Milícias também seduzem
A pesquisa verificou que os grupos de milicianos também podem ser atrativas fontes de renda e emprego para os jovens, o que contraria a ideia de que milícias não empregam jovens e que são formadas apenas por pessoas mais velhas, profissionais de polícia. De acordo com a pesquisa, a crise do tráfico e a consequente redução dos ganhos ilegais, fizeram com que alguns policiais resolvessem obter lucros controlando diretamente territórios e não mais indiretamente, extorquindo traficantes que controlavam territórios.
Os depoimentos mostraram que, mesmo após a conclusão da CPI das Milícias, que identificou chefes, locais e modos de operar desses grupos, eles não só continuam fortes como parecem estar mais estruturados do que antes.
"As milícias hoje passam a ter estrutura e autonomia suficientes para sobreviver e prosperar mesmo com importantes lideranças na cadeia. Todas as políticas de redução da violência letal e as políticas voltadas para jovens de favelas e bairros populares terão de levar em conta que os grupos de milícias não só são uma realidade presente, geradora de letalidade em graus que ainda não se pode mensurar, como provavelmente persistirão pelos próximos anos", atesta o relatório.
A parcela da polícia
Em relação às histórias de injustiças que deflagraram a decisão de jovens de se associarem a grupos armados locais, diversas são ligadas a uma ação arbitrária da polícia que envolveu humilhação. Nos sete meses de estudo, os pesquisadores ouviram inúmeros casos de atuação vergonhosa de policiais.
"Não se trata apenas dos mais de mil mortos pelas forças policiais ano após ano, das evidências de corrupção generalizada em muitas áreas e da proliferação das milícias sob os olhos complacentes de comandantes e chefes de polícia. Trata-se de uma cultura policial arraigada que naturaliza o desrespeito a todos os moradores das áreas pobres da cidade, banaliza a brutalidade e de certa forma justifica a cada dia o próprio fracasso através da lógica da guerra contra o crime", afirma Silvia.
Para ela, a polícia é pelo menos parcialmente responsável por essa tragédia, mas isto não impede de compreender que ela também seja parte absolutamente fundamental da solução, já que se faz necessária para a desocupação dos territórios dominados por traficantes e milicianos e para a diminuição da presença de armas e munições nesses locais. Essa desocupação, segundo Silvia, só será bem sucedida se for realizada por policiais honestos e respeitosos em relação aos moradores das favelas. Ela também destaca a importância da retomada do debate sobre o desarmamento.

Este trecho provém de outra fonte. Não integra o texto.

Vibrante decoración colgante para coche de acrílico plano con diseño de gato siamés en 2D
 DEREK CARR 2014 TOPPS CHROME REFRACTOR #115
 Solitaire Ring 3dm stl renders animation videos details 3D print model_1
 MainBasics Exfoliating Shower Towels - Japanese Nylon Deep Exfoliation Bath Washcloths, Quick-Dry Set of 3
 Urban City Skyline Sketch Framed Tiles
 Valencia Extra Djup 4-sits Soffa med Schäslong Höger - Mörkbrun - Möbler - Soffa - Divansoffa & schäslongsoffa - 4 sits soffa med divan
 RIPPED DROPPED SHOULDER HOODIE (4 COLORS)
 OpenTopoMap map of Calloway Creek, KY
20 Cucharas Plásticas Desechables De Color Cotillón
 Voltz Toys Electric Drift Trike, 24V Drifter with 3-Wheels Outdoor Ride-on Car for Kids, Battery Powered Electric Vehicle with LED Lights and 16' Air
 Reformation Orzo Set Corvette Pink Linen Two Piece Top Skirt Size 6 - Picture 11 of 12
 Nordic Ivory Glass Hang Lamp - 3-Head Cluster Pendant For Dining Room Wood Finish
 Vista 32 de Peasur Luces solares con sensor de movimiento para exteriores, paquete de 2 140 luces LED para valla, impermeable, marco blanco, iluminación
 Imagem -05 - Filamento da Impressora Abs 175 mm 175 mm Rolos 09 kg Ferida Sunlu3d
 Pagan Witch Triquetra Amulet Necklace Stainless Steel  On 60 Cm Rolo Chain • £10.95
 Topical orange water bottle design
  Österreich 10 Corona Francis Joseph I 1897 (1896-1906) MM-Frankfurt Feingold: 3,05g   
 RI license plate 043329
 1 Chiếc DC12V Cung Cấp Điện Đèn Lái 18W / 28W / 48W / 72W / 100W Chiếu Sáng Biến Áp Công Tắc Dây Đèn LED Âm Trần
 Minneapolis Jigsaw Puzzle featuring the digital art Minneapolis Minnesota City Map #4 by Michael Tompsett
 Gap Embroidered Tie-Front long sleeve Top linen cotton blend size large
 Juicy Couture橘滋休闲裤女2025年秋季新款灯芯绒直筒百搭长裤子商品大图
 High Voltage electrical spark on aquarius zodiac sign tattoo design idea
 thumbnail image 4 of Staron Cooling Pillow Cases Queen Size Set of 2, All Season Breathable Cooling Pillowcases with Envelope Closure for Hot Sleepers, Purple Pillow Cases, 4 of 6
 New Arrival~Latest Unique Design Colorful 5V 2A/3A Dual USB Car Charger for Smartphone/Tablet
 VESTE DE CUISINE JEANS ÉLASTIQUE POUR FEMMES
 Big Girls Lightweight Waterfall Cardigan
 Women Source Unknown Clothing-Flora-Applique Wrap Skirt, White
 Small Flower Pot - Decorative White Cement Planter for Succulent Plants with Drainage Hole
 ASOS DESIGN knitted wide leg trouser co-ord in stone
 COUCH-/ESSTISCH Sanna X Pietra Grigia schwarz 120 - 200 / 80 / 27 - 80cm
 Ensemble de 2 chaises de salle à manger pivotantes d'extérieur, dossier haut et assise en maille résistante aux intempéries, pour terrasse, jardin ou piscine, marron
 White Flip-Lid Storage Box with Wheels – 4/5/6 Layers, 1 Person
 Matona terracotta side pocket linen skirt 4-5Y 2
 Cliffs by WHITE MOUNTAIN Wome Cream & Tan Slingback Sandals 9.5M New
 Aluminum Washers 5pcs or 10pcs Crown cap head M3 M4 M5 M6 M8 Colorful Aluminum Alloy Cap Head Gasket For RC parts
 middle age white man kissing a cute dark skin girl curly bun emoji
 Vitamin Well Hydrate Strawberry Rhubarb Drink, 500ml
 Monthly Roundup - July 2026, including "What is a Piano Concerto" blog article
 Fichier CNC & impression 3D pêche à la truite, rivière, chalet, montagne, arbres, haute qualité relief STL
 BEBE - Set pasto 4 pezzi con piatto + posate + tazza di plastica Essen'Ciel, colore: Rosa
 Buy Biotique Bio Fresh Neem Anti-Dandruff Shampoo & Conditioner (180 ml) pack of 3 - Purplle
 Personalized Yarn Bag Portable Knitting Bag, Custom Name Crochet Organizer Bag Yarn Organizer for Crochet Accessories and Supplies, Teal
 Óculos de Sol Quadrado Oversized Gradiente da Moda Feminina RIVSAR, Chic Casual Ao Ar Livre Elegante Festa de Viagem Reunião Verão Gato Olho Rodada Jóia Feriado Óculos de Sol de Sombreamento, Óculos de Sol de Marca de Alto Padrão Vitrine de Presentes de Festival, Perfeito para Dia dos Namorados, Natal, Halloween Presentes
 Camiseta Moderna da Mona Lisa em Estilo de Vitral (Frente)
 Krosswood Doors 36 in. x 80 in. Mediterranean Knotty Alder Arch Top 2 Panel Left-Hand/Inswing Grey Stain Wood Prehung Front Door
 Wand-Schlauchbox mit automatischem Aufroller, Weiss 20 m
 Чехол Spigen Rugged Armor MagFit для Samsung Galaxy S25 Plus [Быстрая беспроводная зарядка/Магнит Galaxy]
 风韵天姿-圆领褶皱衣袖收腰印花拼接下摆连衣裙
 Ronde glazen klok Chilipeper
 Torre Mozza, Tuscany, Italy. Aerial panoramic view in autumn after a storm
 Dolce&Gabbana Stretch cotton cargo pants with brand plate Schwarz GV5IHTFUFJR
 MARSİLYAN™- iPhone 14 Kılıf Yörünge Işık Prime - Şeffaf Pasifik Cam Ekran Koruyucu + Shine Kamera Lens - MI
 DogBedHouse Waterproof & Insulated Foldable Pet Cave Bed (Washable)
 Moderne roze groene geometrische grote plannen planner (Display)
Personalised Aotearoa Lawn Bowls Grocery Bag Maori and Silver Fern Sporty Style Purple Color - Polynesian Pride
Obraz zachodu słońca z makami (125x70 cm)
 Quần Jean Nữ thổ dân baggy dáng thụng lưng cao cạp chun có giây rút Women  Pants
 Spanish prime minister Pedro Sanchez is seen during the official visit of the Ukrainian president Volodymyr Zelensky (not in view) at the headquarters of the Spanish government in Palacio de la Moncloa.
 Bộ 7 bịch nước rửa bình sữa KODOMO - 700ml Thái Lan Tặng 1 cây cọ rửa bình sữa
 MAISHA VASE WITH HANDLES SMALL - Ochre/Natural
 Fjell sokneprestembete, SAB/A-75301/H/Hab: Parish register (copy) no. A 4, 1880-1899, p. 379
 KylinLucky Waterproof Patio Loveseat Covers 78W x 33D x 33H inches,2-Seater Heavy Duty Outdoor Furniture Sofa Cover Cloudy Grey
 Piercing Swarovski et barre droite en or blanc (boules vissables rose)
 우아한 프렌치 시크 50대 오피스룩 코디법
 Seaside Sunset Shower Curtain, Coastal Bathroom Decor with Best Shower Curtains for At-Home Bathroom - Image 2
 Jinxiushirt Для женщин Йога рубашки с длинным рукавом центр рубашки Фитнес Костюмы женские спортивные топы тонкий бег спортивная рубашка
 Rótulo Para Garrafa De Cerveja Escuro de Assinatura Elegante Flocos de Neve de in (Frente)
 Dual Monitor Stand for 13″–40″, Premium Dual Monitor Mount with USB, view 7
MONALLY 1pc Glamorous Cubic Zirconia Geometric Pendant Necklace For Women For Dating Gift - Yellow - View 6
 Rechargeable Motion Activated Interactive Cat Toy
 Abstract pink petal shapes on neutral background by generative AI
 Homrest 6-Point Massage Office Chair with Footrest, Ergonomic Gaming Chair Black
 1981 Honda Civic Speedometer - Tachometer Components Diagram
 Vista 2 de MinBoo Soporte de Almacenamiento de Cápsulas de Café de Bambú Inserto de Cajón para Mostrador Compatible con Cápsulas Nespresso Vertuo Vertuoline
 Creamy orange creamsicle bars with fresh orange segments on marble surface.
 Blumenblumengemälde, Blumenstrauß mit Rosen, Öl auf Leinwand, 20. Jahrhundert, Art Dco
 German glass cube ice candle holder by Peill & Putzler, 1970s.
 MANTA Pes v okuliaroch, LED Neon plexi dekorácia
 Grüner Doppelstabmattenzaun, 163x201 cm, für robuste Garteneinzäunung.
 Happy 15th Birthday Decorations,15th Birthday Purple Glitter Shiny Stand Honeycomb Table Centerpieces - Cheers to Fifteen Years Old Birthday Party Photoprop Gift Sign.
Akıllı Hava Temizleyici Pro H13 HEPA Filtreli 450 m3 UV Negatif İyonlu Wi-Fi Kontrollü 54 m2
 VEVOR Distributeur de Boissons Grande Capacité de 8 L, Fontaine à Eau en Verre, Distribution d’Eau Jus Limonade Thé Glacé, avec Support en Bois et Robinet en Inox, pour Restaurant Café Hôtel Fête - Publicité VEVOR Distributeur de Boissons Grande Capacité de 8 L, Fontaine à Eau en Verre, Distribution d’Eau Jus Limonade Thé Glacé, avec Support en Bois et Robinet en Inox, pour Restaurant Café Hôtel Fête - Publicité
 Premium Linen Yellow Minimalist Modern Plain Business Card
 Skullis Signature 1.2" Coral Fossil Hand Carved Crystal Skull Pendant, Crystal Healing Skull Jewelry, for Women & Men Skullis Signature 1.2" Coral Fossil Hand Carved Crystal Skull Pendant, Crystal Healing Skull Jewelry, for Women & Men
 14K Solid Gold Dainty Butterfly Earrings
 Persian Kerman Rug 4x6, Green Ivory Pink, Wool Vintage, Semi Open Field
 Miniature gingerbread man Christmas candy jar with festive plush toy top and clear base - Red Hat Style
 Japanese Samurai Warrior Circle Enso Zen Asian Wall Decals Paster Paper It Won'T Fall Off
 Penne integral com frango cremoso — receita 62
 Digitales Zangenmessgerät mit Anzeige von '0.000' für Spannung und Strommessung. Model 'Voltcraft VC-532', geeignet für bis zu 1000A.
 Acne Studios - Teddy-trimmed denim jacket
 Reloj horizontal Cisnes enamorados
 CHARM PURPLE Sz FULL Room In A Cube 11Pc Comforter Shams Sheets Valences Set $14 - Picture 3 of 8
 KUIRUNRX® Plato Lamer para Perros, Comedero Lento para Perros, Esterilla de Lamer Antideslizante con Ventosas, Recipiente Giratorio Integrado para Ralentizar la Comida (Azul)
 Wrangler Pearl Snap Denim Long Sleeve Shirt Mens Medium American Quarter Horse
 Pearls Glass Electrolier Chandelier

"Não se trata de operação policial, mas do estabelecimento de policiamento comunitário permanente, em quantidade suficiente, supervisionado por oficiais superiores que devem se encontrar nas favelas (e não dentro dos batalhões) e controlado pela mídia, por organizações locais e pelos moradores", recomenda.
Outras ações necessárias para reduzir a letalidade provocada pelo envolvimento de adolescentes em grupos armados são a melhoria das escolas, a criação de empregos, a ampliação de alternativas profissionais, programas de bolsas e iniciativas culturais para fortalecer a imagem do jovem de favela. Mas Silvia enfatiza o papel da polícia:
"Ações sociais, culturais e pressão política sobre governantes, por si sós, não são capazes de eliminar as armas e reduzir a violência letal. Em nenhum lugar e menos ainda no Rio de Janeiro. É na polícia, portanto, que parte de nossas energias tem que ser concentrada nos próximos anos."
O estudo é dedicado à memória da pesquisadora Ana Carolina Rodrigues da Silva Dreyfus, do Viva Rio, que trabalhou na pesquisa e faleceu aos 28 anos de idade no desastre do vôo AF 447, da Air France, em 31 de maio de 2009.